= Beginning of Section =

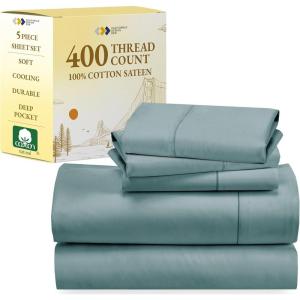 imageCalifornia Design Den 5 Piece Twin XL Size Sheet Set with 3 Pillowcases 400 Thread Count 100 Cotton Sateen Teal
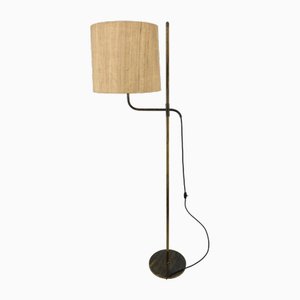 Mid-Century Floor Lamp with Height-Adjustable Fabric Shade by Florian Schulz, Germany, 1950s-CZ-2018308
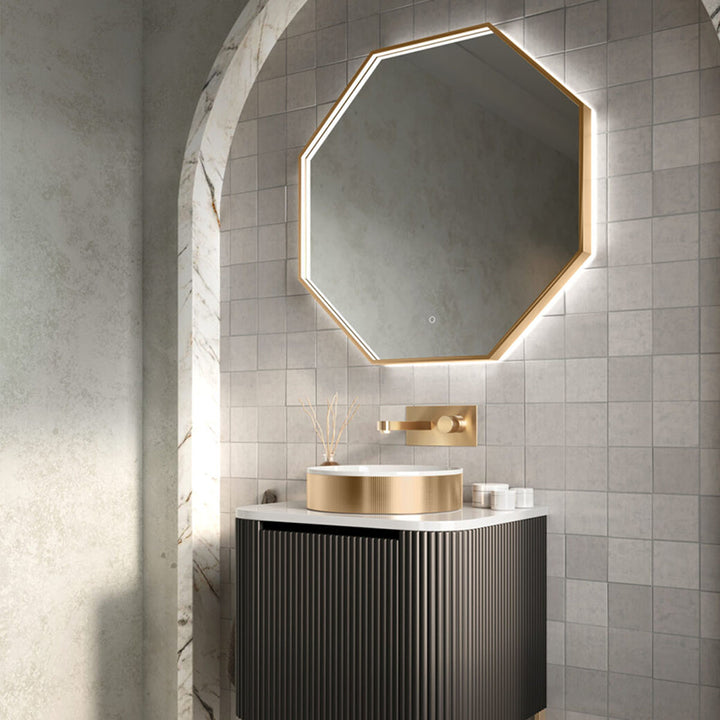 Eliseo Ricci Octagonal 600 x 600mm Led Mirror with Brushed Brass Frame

= End of Section =

> [Problem description] The listing should be transcribed exactly. No picture is to appear in the transcription.

> [Task solution]
 imageCalifornia Design Den 5 Piece Twin XL Size Sheet Set with 3 Pillowcases 400 Thread Count 100 Cotton Sateen Teal
 Mid-Century Floor Lamp with Height-Adjustable Fabric Shade by Florian Schulz, Germany, 1950s-CZ-2018308
 Eliseo Ricci Octagonal 600 x 600mm Led Mirror with Brushed Brass Frame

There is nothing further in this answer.